What the United States should not use to negotiate are the tactics of normalization and reconstruction. It should forcefully reject attempts for normalization with the regime that have launched in the Gulf. Russia’s goal is to restore Assad’s international reputation and claim the Syrian conflict is over, and normalizing the regime would just validate Assad’s strategy of hijacking international humanitarian assistance. In addition, Russia wants sanctions against Assad to be lifted to allow reconstruction funding to come from Europe, the Gulf, and the United States. But most of this money would serve to reimburse Moscow and Tehran for their support and to invest in luxury projects for regime affiliates, not lead to the genuine reconstruction of the war-torn country.
The United States cannot do this alone. It needs to depend on reliable partners. As Biden already knows, Turkey may be one such ally, since Ankara has been instrumental in advocating for the Bab al-Hawa crossing at the U.N. Meanwhile, Russia wants to preserve its partnership with Turkey, and Turkey wants to repair its fraught relationship with the United States. Moscow might not want to create another refugee wave into Turkey at a time when Ankara and Washington are trying to mend their ties to contain Russian influence. This dynamic could be crucial to joint humanitarian collaboration.

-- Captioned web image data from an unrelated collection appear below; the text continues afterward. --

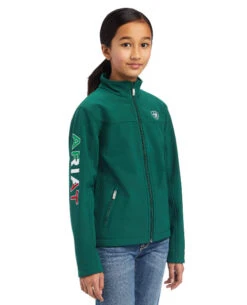 Kids Ariat Team Softshell Mexico Jacket -Horseback Riding Clothing Store kids new mexico softshell verde front 10039202 ariat 77255.1644626235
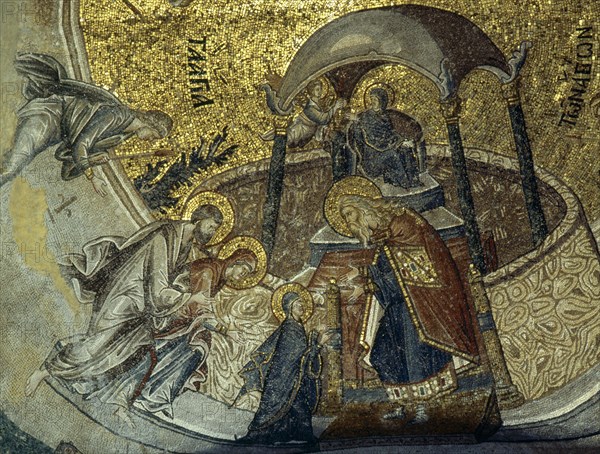 A mosaic in the Kariye Djami which forms part of a cycle of scenes created by Theodore Metochites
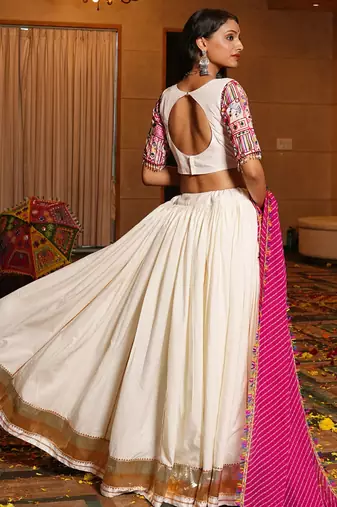 Off White Ethnic Crepe lehenga choli
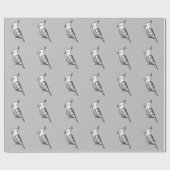 Cute Cartoon Whiteface Cockatiel Parrot Birds Cadeaupapier (Vlak)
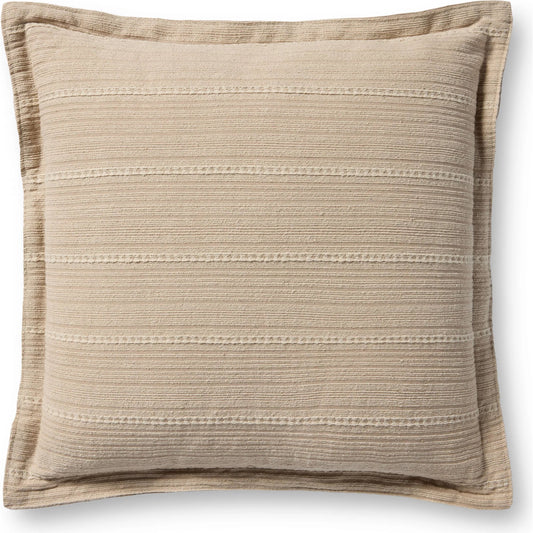 PCJ0023 Natural Pillow by Chris Loves Julia x Loloi in natural. Made from 100% cotton in a transitional style.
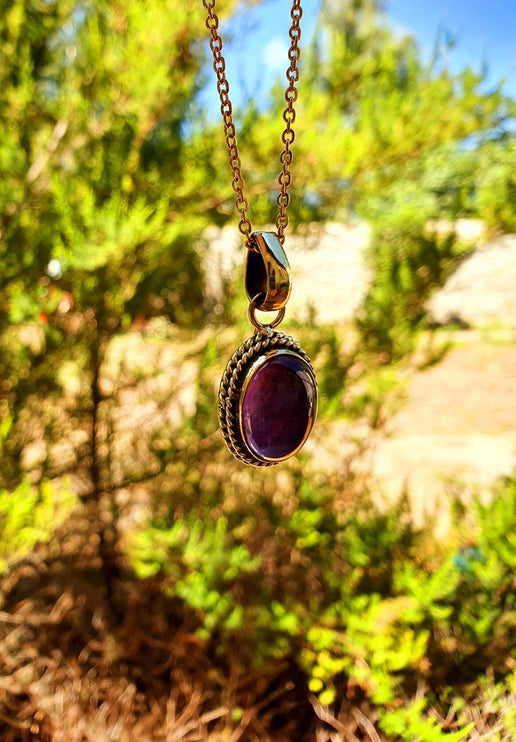 Amethyst Pendant Necklace Gold Chain / Brass / Purple Stone / Ethnic / Hypoallergenic / Hippie / Gypsy / Rustic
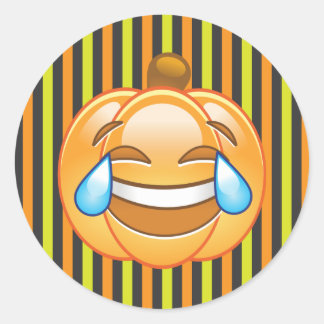 Rond Sticker Emoji Citrouille riant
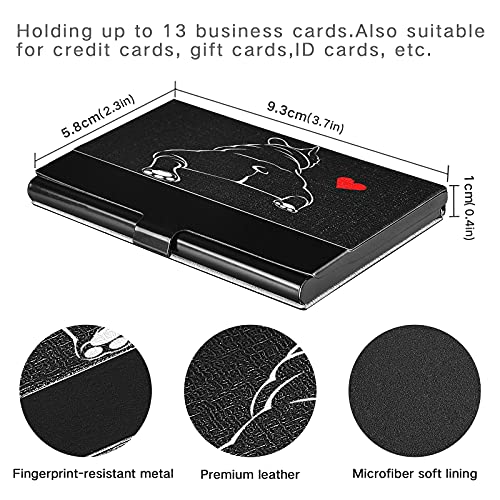 ALAZA Bulldog Pupppy Dog French Business Card Holder Leather, Stainless Steel Slim Pocket Wallet Business Card Carrier Case Holder3
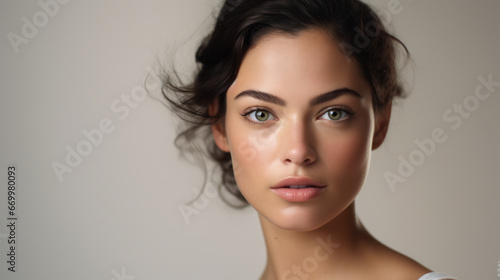 Young beautiful woman with healthy skin and natural makeup on background. Natural beauty concept, studio photo.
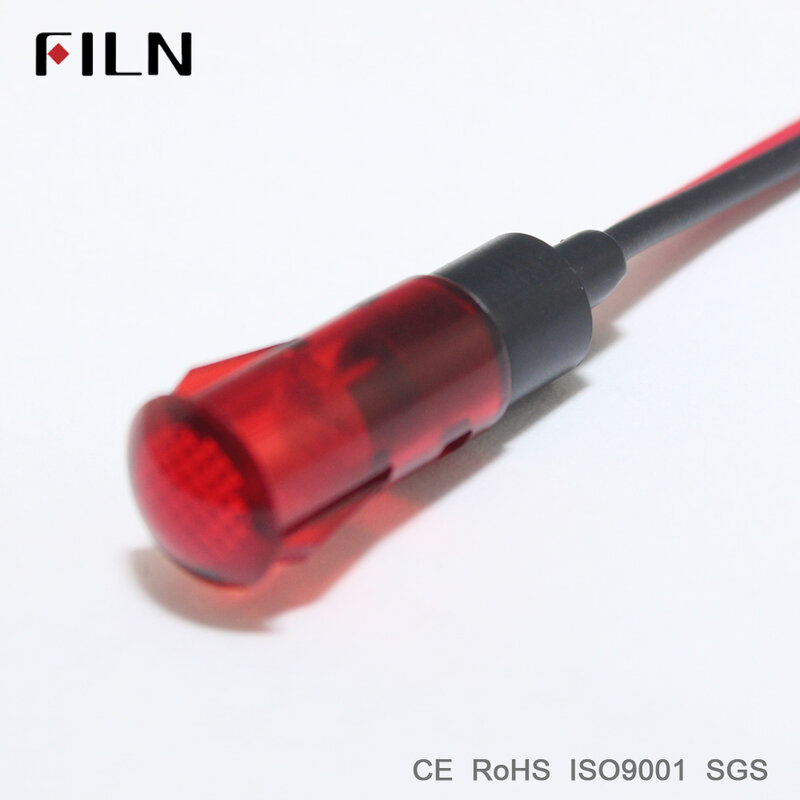 FILN 8mm 120 v 220 v 12 v มินิพลาสติก led ไฟแสดงสถานะสีแดง bilue สีเขียวสีขาวสัญญาณฉุกเฉินโคมไฟด้วยสายไฟ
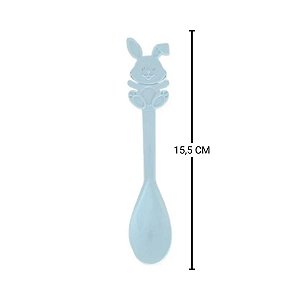 Colheres Decorativas de Páscoa - Azul Candy - 15,5cm - 12 unidades - Festplastik - Rizzo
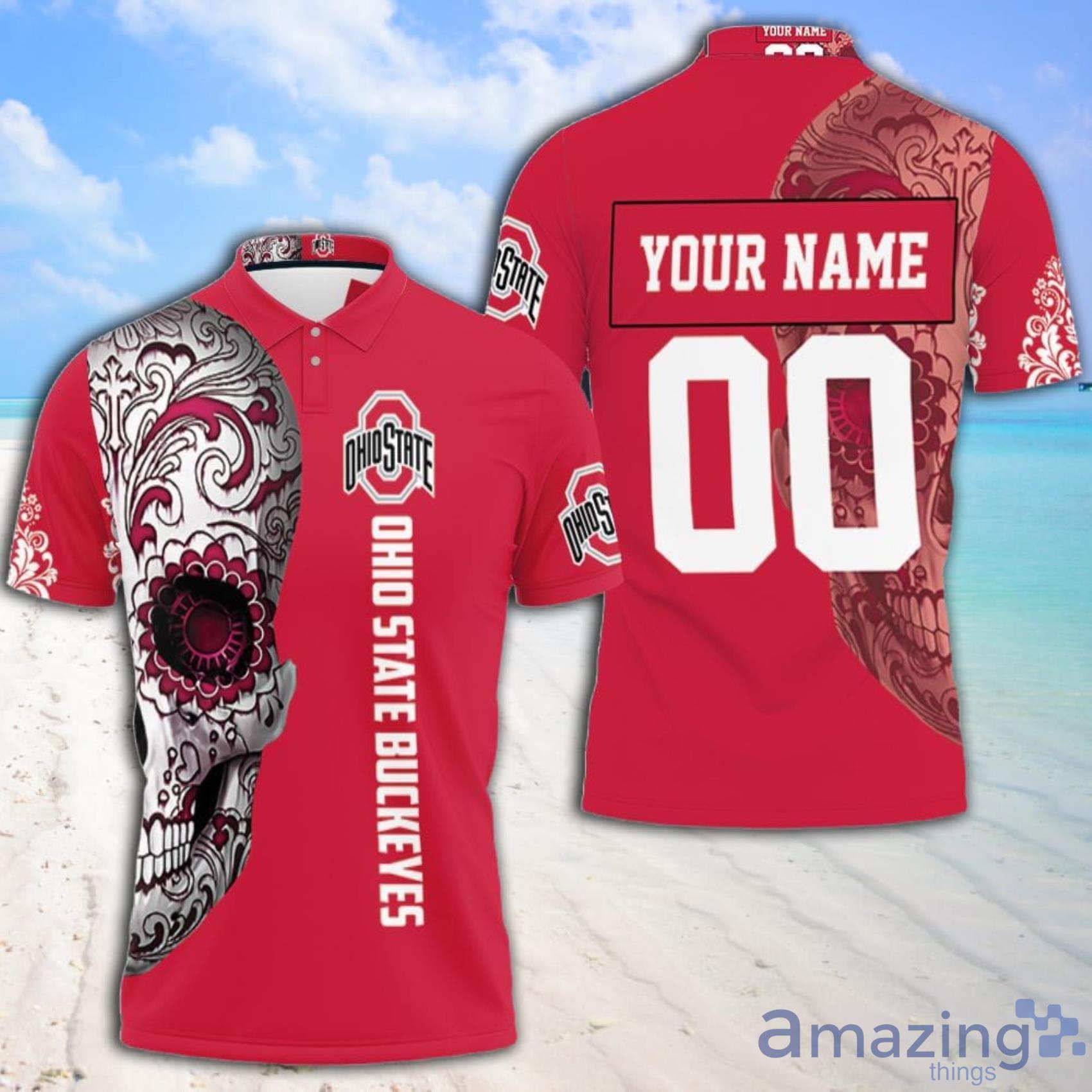 Art Ohio State Buckeyes Sugar Skull Personalized Full Print Polo Shirt Product Photo 1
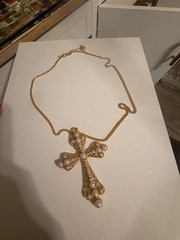 Vintage Gold Tone Filigree 3.5 “ inch Cross Pendant Necklace with Faux Pearls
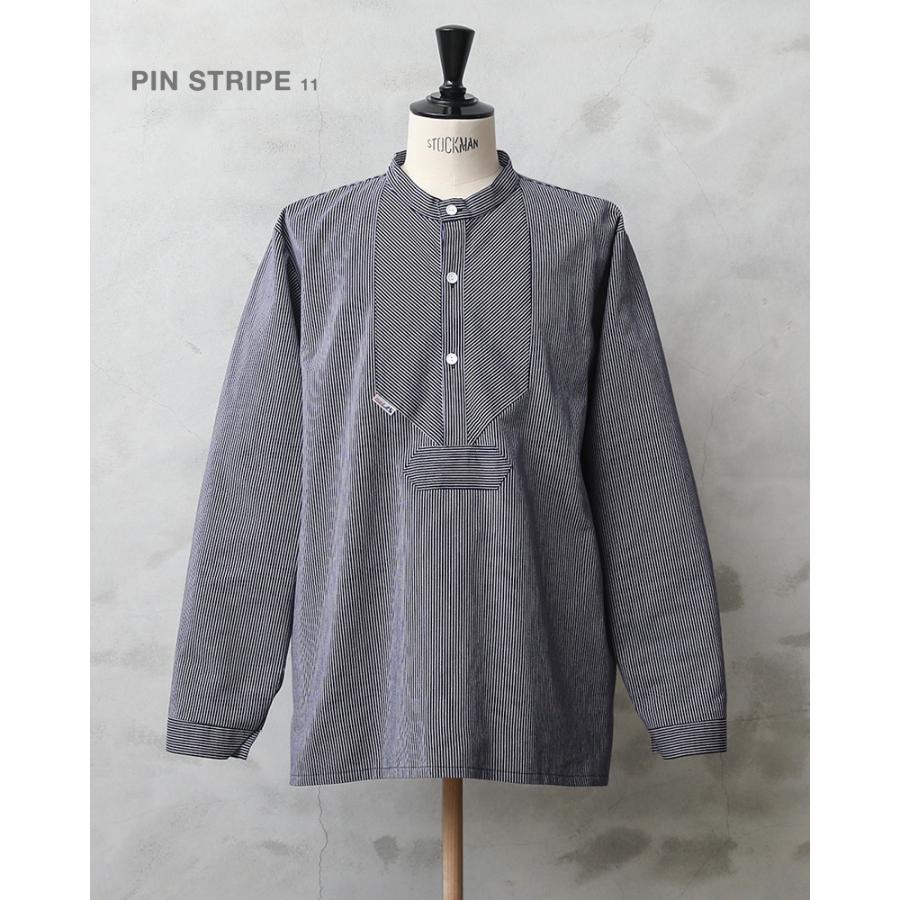 美品 modas ストライプ フィッシャーマンシャツ モダス 46 modAS モダス 1000 フィッシャーマンシャツ ストライプ プル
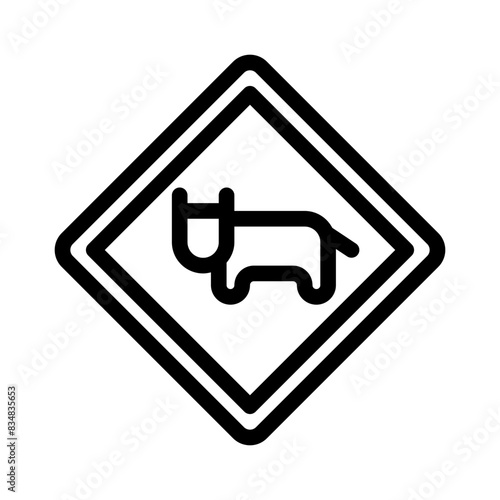 traffic sign line icon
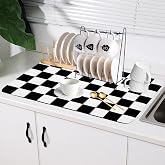 Coffee Mat Checkered Dish Drying Pad for Kitchen Pet Placemat Absorbent Quick Dry Washable Anti-slip Rubber Backed Mats for Kitchen Counter Coffee Bar Bathroom Bedroom 12" x 19"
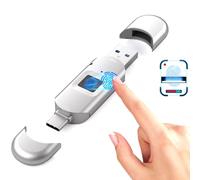 Memoria USB Universal con cifrado por Huella Dactilar. Velocidad de Lectura de hasta 50 MB/s y Escritura de 80 MB/s. Admite 64 ID de Huella Dactilar 128GB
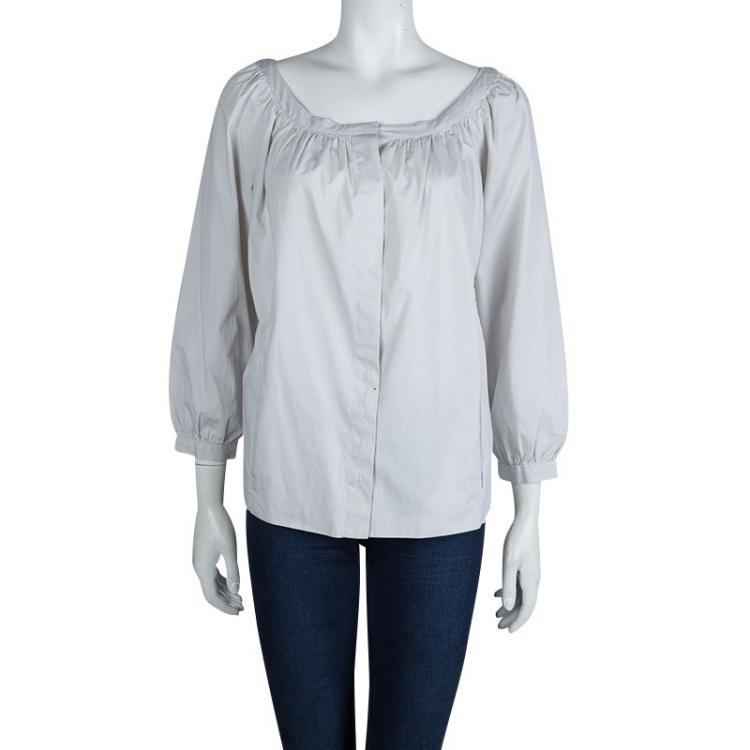 Pre Owned Miu Miu Grey Cotton Gathered Long Sleeve Blouse L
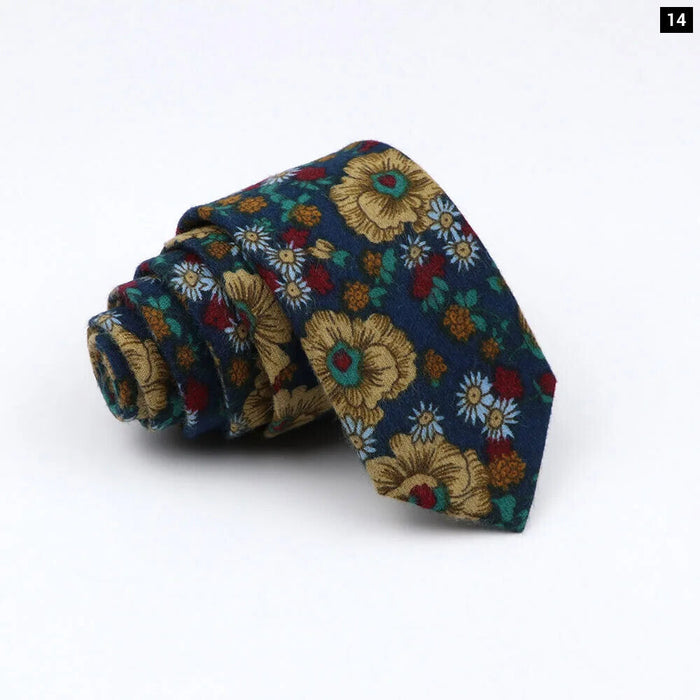 Handmade 6Cm Mens Ties Classic Cotton Necktie For Weddings And Casual Wear Bird And Flower Print Gift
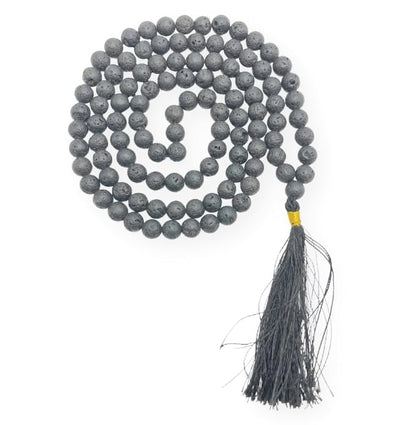 GEMSCITE Japa Mala 108 Prayer Beads Perfect for Meditation Spiritual Mala Necklace & Wrist Mala Bracelet - color: Lava, size: Without Knots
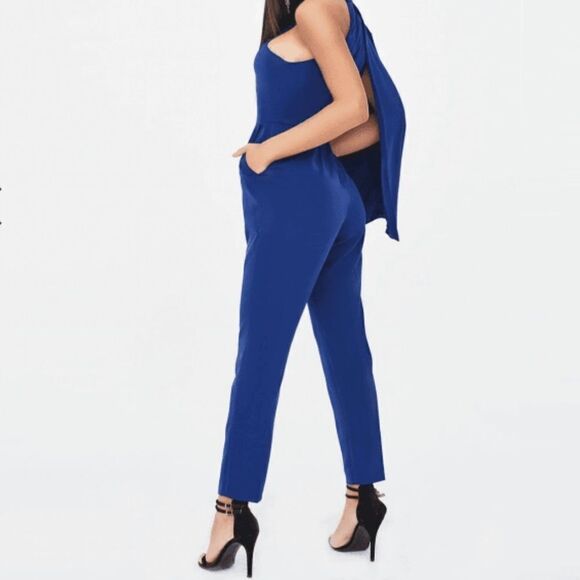 LAVISH Alice One Shoulder Cape Holiday Jumpsuit Navy Blue NWT size 4 Ret $168 - Picture 3 of 5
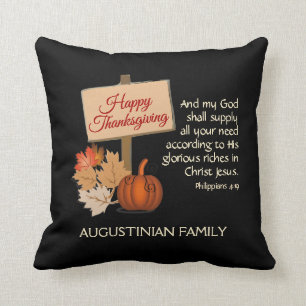 Almofada FELIZ AGRADECIMENTO Personalizado Phil 4:19 PRETO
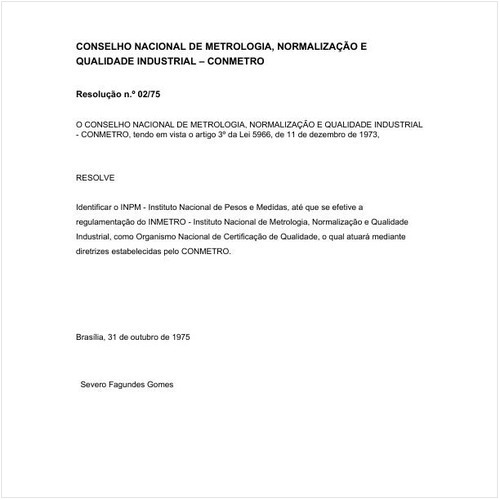 Resolução CONMETRO/CONMETRO 2:1975 - Situação: Revogado
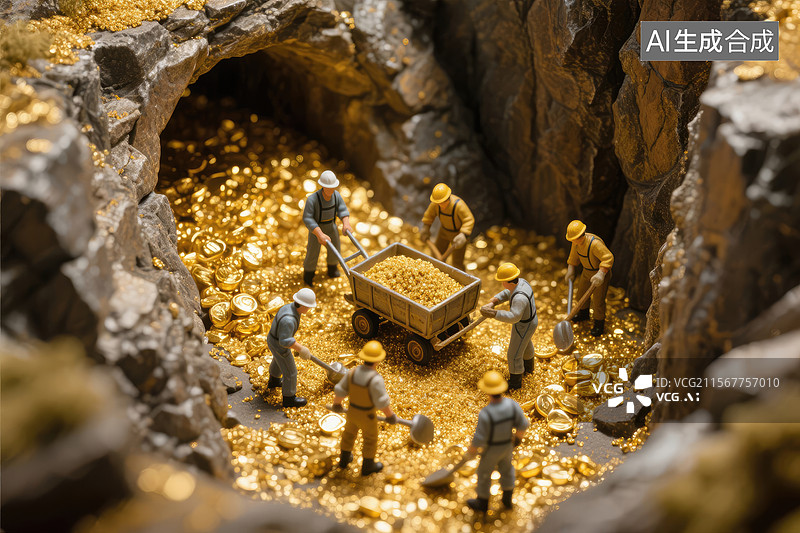 【AI数字艺术】洞穴中的微型淘金人图片素材
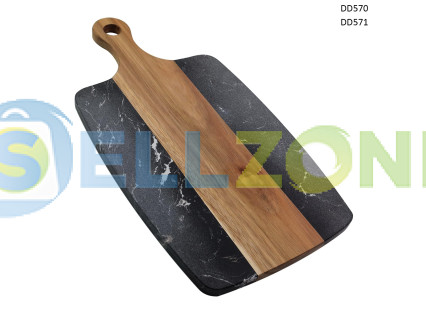 Σανίδα κοπής από φυσικό ξύλο ακακίας με σχέδιο από μάρμαρο – DD570 / DD571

If Turkey supports the United States’ efforts to open the crossing, Moscow is likely to demand two things from Ankara: for it to carry out its commitments in the latest version of the Idlib cease-fire, including joint patrols that have been stymied by extremist attacks; and for it to withdraw its proxy forces south of the main road into the city, which would be a major concession of terrain. While these points will not be formally part of the U.N. resolution under negotiation, they are the elephant in the room in New York and the subject of intense parallel diplomacy with Ankara.
Europe will also be a key ally. Alongside North America, European countries provide around 90 percent of the funding that enters Syria’s humanitarian system. Germany and Belgium drafted last year’s resolution at the Security Council, and other like-minded countries, such as France and Britain, have previously played an important role in shaping compromises at the Security Council while supporting humanitarian actors on the ground. This small coalition is a natural partner for Washington, but it needs to push back against recurring attempts from other European countries, including Greece, Cyprus, and the Czech Republic, to normalize relations with the Assad regime and thus weaken European unity.
Washington should connect the dots and work with all the partners it can to renew the cross-border mandate, which has never just been about humanitarian needs. Northern Syria is too strategically important in the Middle East for the United States to treat it as solely a humanitarian issue. If Washington acknowledges this, it can turn the current negotiation into a confidence-building measure with Moscow, opening the door for further political negotiations in Syria and for renewed U.S. diplomatic credibility in the region. But if Washington does not sufficiently pressure Moscow, it risks leaving millions of people in northern Syria in further peril.